Asked why the hope of Bush administration officials that Iraq would be able to pay for its own occupation with oil revenues hasn’t worked out, Jamail again cited that oil production statistic and added, “Just to have the occupation in place costs over $2 billion per week. Projected just a bit into the future, the cost of the occupations of Iraq and Afghanistan is well over $2 trillion. The people who made that prediction didn’t think there would be a resistance. One priority of the Iraqi resistance is to block the oil privatization legislation [a major demand of the U.S. and one of the much talked-about ‘benchmarks’ for U.S. withdrawal and restoration of Iraqi sovereignty] and attack and sabotage pipelines. Another reason the oil profits haven’t materialized is corruption, both from Halliburton and the Iraqi government.”

Jamail cited recent reports that Ahmed Chalabi, the disgraced Iran-aligned Shi’a leader who was the Pentagon’s first choice for a post-Saddam Iraqi leader, is back in power and has been appointed to head the effort to rebuild Iraq’s infrastructure — even though he was convicted of embezzlement in absentia decades ago in Jordan after a bank he owned there failed spectacularly.

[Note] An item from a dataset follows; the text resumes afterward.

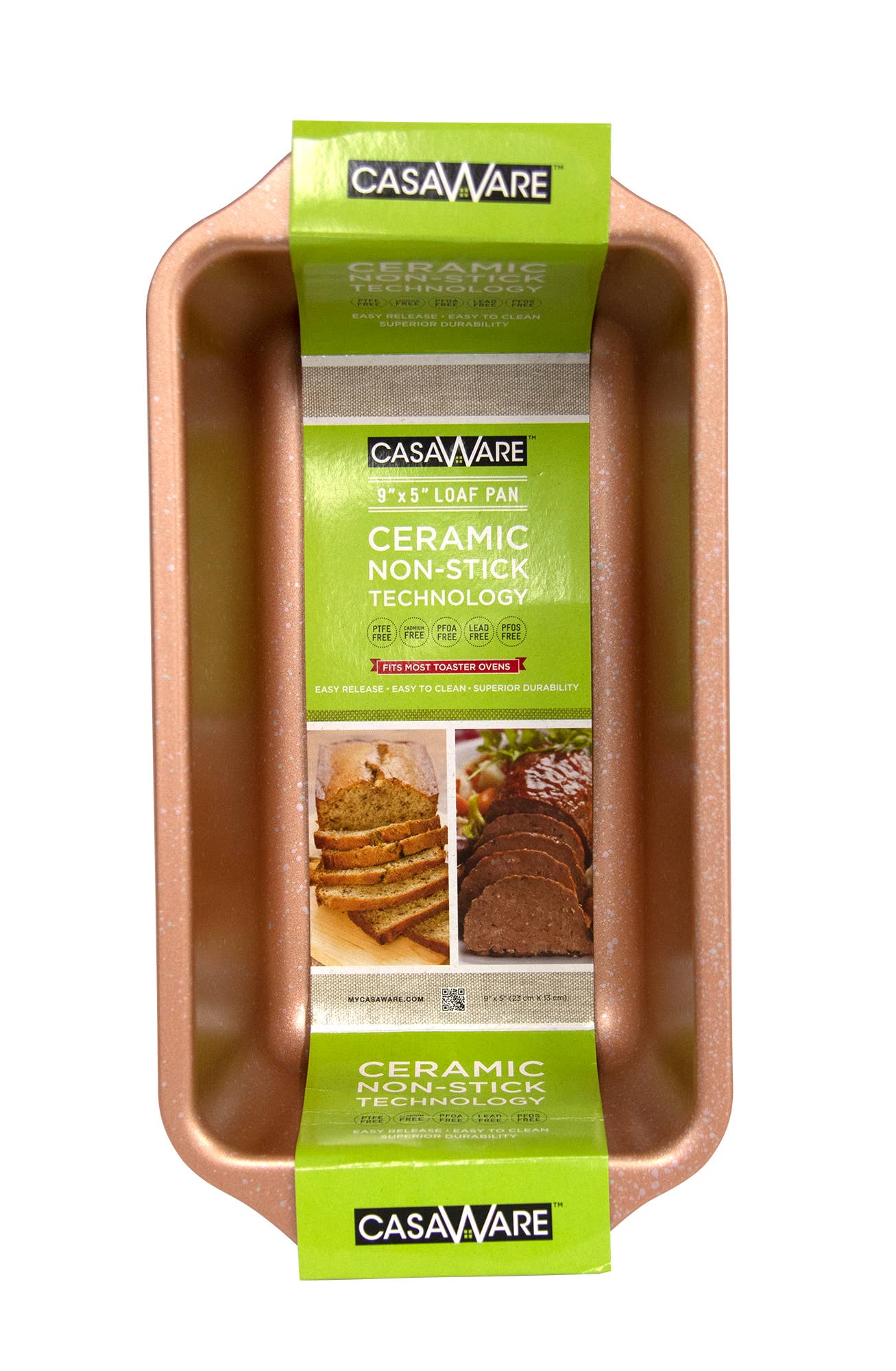 CasaWare - Vendita all'ingrosso Pirofile - Padella per pane 9" x 5"3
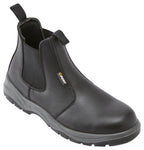 Fort FF103 Nelson Safety Dealer Boots Black / Brown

Asked by Activist San Diego founder and director Martin Eder what sort of movement it will take to end America’s quest for empire in general and the Iraq occupation in particular, Jamail said, “We’re in very dark times. This country is in big trouble. We can look at what ended Viet Nam: a fierce Viet Namese resistance and a fierce GI resistance. By the end of Viet Nam half the troops wouldn’t follow orders, and that makes it hard to fight a war.” Though he acknowledged that resistance within the U.S. military to Iraq hasn’t reached nearly the level it did in Viet Nam — to the point where there were frequent allegations of soldiers “fragging” (killing) their officers — Jamail regards it as a positive sign that the membership in Iraqi Veterans Against the War (IVAW) is doubling every year and half the members are active-duty military.

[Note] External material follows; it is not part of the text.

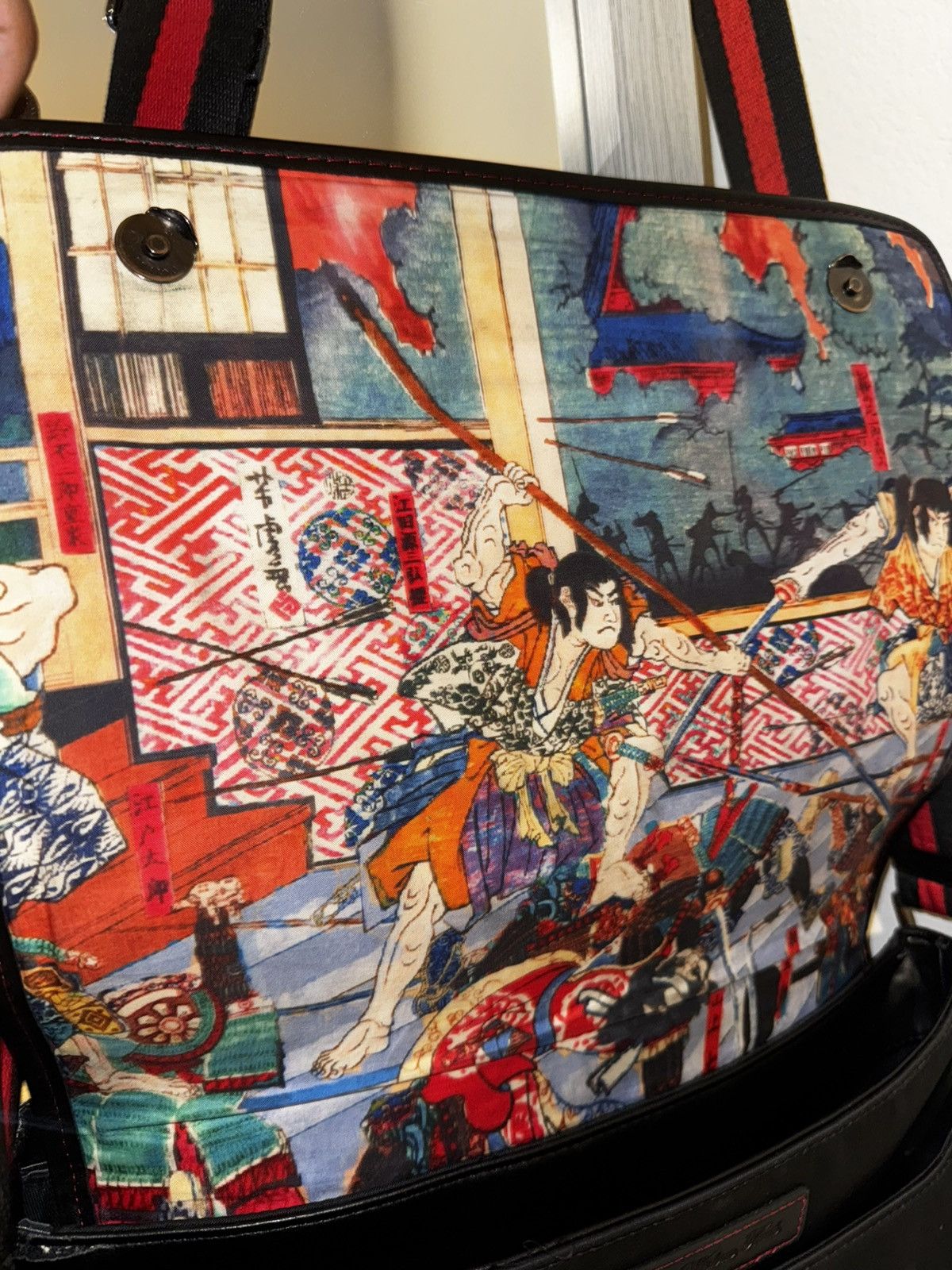 Robert Graham Robert Graham Messenger Bag Size ONE SIZE - 4 Thumbnail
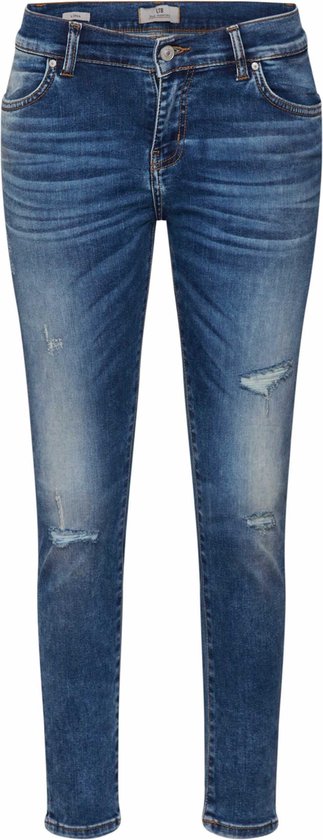 LTB Lonia Mirage Wash Mid Rise Super Skinny Jeans Blauw Dames | bol.com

“I’ve interviewed GI’s in Iraq who say they’re doing ‘search and avoid’ missions,” Jamail said. “One said, ‘We were driving around to get blown up. Our commanding officer would get more medals the more people were being killed, so we’d park in a date field, listen to music and hang out.’ I interviewed another active-duty soldier elsewhere in Iraq at a different time, and he said much the same thing. That’s probably another reason why the number of U.S. troops being killed in Iraq is down” — a fact regularly cited in the U.S. media as indicating the “success” of Bush’s “surge” strategy.

Jamail offered little but contempt for the Democratic party and its inability or unwillingness to challenge the Bush administration on the war. He called the three leading contenders for the Democratic Presidential nomination — Hillary Clinton, Barack Obama, and John Edwards — “so-called ‘Democrats’” for refusing to rule out a combat role for U.S. troops in Iraq until 2012, when the next President’s first term will end. “Mainstream Democrats are saying, ‘We have to be reasonable, we can’t pull out at once or there’ll be a civil war,’” Jamail said.

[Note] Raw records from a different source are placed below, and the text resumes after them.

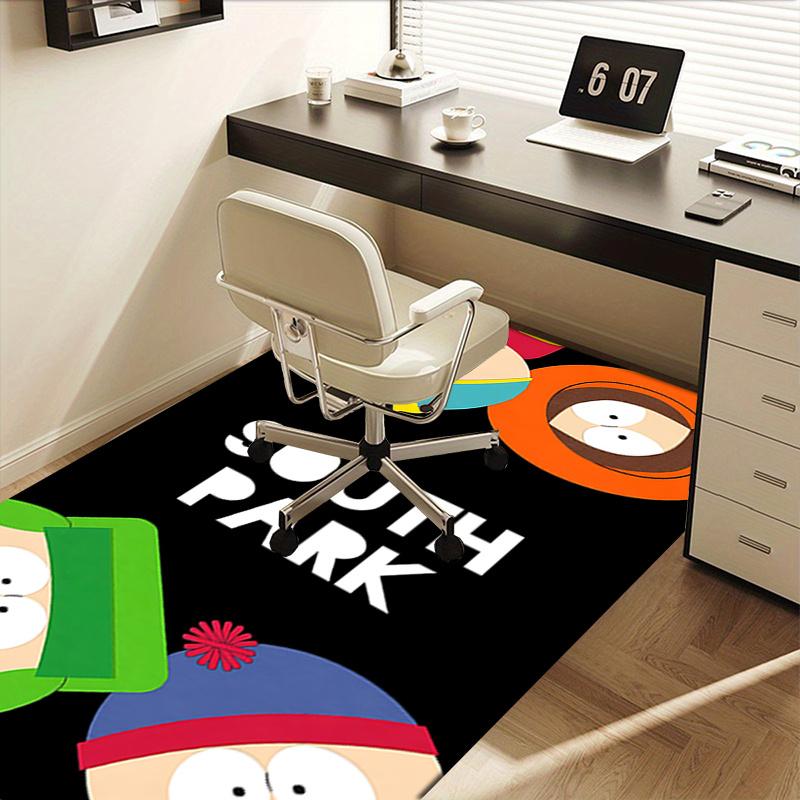 South Park Office Chair Mat: Unique Home, Office Carpet Gift for Any Room
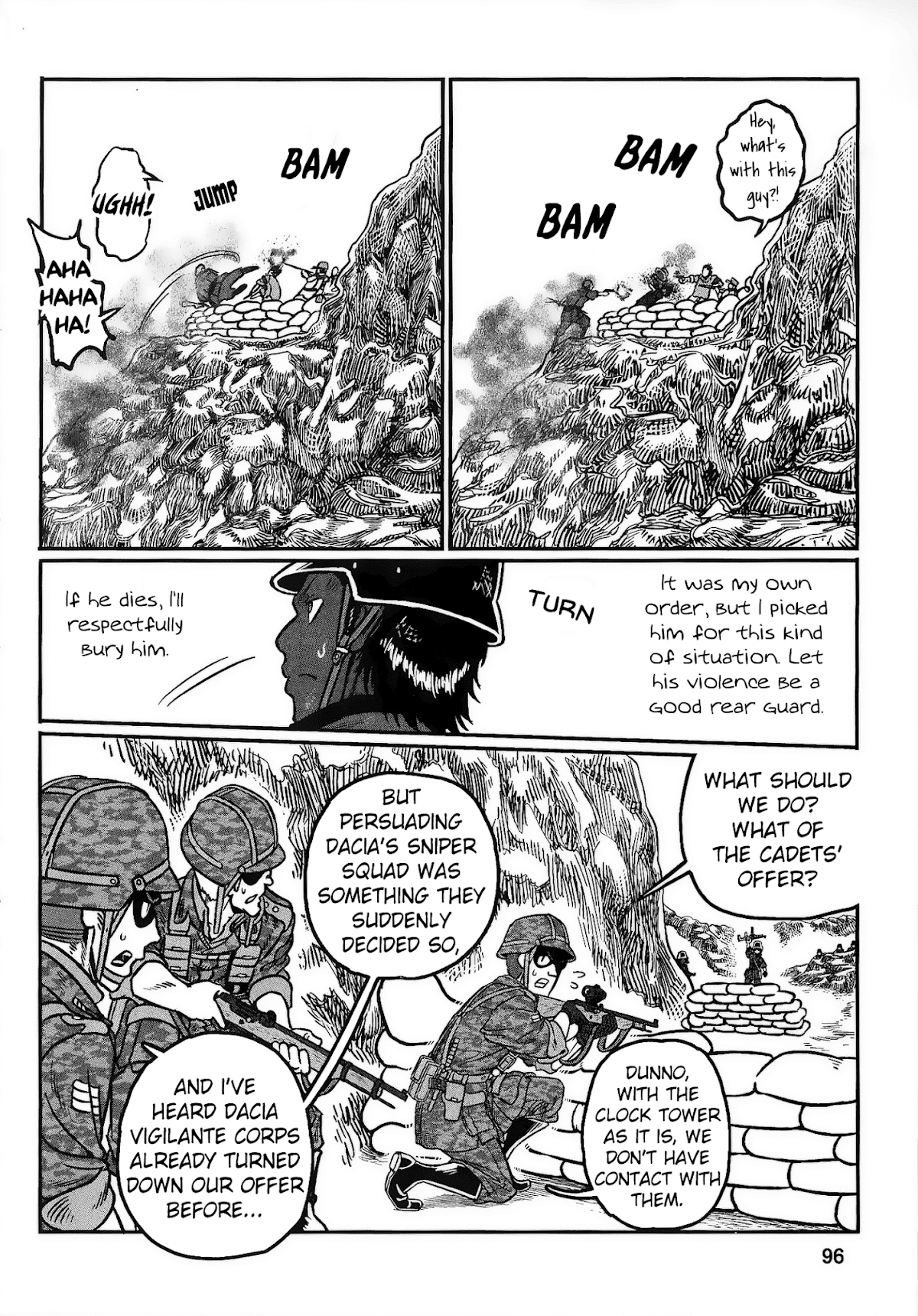 Groundless - Sekigan no Sogekihei Chapter 23 page 11 - Chapter 23: A scene for the taken pawn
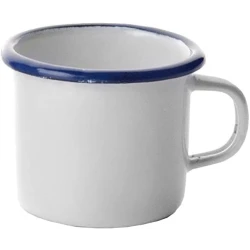 Ibili Vintage Blanca 5cm Cup - White & Blue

By contrast, he cited polls of Iraqis themselves saying that 85 percent favor an immediate U.S. withdrawal — and only 1 percent support the current Iraqi government. (Jamail added that the joke around Iraq is that that 1 percent is the current Iraqi government.) “Before anything like peace and stability can happen in Iraq, three things have to happen,” Jamail said. “First, a total military withdrawal by the U.S. Second, refunding the reconstruction contracts so they go to Iraqi companies instead of Halliburton. Third, payment of full damages from the war and occupation. Only then can the reconstruction begin.”